Bernal Díaz is probably right in saying that Cortés wanted to put in here and teach these warlike Indians a lesson. Such an action would have been good policy, but navigationally the place was dangerous; the river was too shallow for the ships to enter, and they would have to lie anything up to six miles off-shore on account of the Champotón Banks where the prevailing wind builds up a very big tide. In any case, the wind was fair now for continuing along the coast, and the safer anchorage off the Grijalva river was only three days' sailing away.

They reached it on March 12, the larger ships anchoring off at sea as before, the smaller vessels, filled with soldiers, moving into the shelter of what is now called Isla Ballitzia. Here, in calmer water, they transferred to the boats and rowed up-river to land on the same headland covered with palm trees where Grijalva's expedition had gone ashore. They were then about a mile from the Indian town of Potonchán, later called Tabasco after the cacique of that region. But the Tabascans, who had been friendly to Grijalva and had given him gold, were now hostile. The river bank and the mangrove swamps were crowded with armed warriors, many in their canoes, and there were some twelve thousand more assembled in the town of Tabasco itself. Cortés sent Aguilar in to try and persuade the Indians to let his men land for water and to trade for food, but they had been so taunted by the people of Champotón for their failure to fight off Grijalva's men that they were determined to prevent a landing.

So we come to the first of the many battles Cortés' small force was to fight. On the morning of March 13 mass was said and the men embarked in the boats. Ávila was sent with a hundred men to attack the town, whilst Cortés and the rest forced the estuary. The canoes came out to meet them, and again Cortés stopped to parley, appealing through Aguilar to be allowed to trade peacefully, speaking of God and the king he served, and making certain that Diego de Godoy, the Royal Notary, recorded his peaceful overtures. But it was no good, and when they tried to land, they were met by showers of fire-hardened arrows. The battle cry of Santiago was answered by Indian war cries of
Al calachioni,
which was an incitement to kill Cortés himself. But the fire power and sword play of the Spaniards
gradually prevailed, and with the town finally taken, Cortés halted his men in a great courtyard where there were large halls and three idol-houses. Here, with his soldiers and the Royal Notary to witness the act, he took formal possession of the land in the king's name.

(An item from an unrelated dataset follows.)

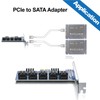 10Gtek 10 Port PCIe SATA Card, SATA3.0 Expansion Card, X1,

Fourteen Spanish soldiers had been wounded in this little skirmish, but throughout the campaign that was now just beginning the conquistadors seem to have regarded wounds as little more than a temporary inconvenience. Only the dead were casualties. The rest marched and fought, and if they didn't die their wounds healed.

It was here at Tabasco that Melchior, an Indian interpreter, defected. Encouraged by him, the Indians launched a large-scale attack on the Spanish beach-head. But by now Cortés had got his horses ashore. They were stiff and almost scared to move after being confined on board ship for so long. Nevertheless, they were fitted with their steel breastplates all jangling with bells, and the knights put on their steel armour and equipped themselves with lances. This small cavalry force was the most potent weapon Cortés possessed, the sixteenth-century equivalent of an armoured squadron, since the trained horse was unknown to the Indians. The Spaniards were outnumbered three hundred to one, arrows and sling-stones fell like hail, and when Mesa, the artillery man, fired his guns, the Indians threw dirt and straw into the air to hide the havoc they wreaked. ‘In this battle there were so many Indians to every one of us that the dust they made would have blinded us, had not God of his unfailing mercy come to our aid.' There is nothing sententious about this. The Spaniards were still fighting a crusade, believing implicitly that they were soldiers of Christ and that God was on their side.